*DATA BELOW*:
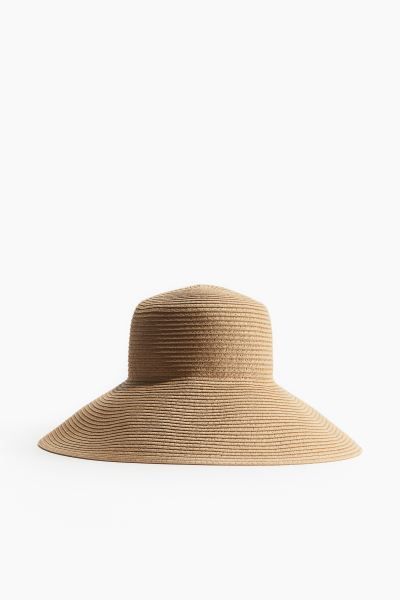 Sloped Brim Straw Hat - Beige - Ladies | H&M US | H&M (US + CA)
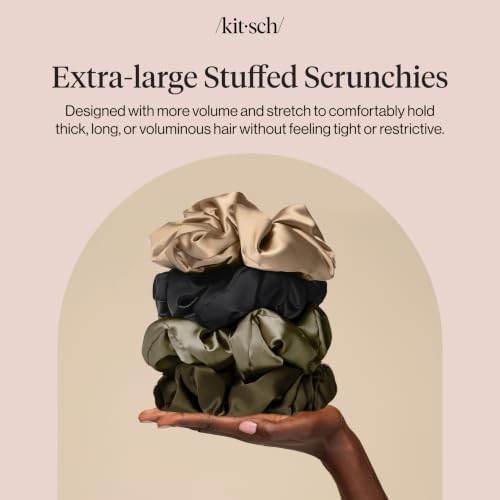 Kitsch Pillow Satin Scrunchies for Women - Black, 4pcs - Image 2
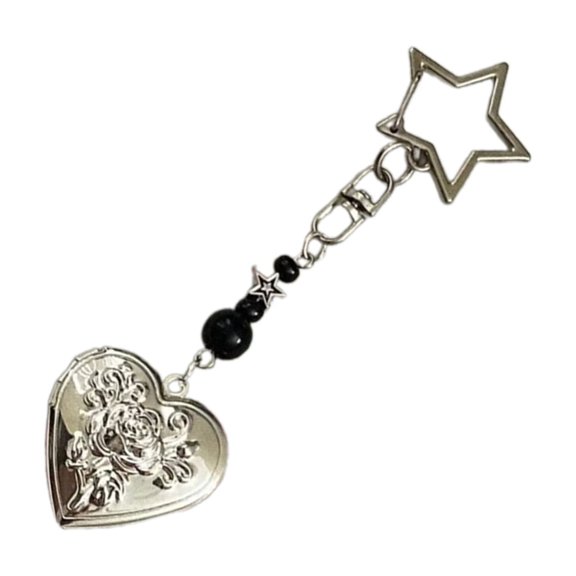 Openable Heart Shape Keychain Unique Metal Photo Frame Key Chain Portable Keyring Bag Accessory Stylish Phone Charm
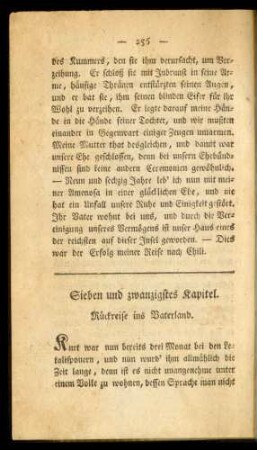 Sieben und zwanzigstes Kapitel. Rückreise ins Vaterland.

*WHAT YOU HAVE TO DO*:
Give an exact copy of the data, and omit any pictures it holds.

*SOLUTION FOR THIS PROBLEM*:
 Sloped Brim Straw Hat - Beige - Ladies | H&M US | H&M (US + CA)
 Kitsch Pillow Satin Scrunchies for Women - Black, 4pcs - Image 2
 Openable Heart Shape Keychain Unique Metal Photo Frame Key Chain Portable Keyring Bag Accessory Stylish Phone Charm
 Sieben und zwanzigstes Kapitel. Rückreise ins Vaterland.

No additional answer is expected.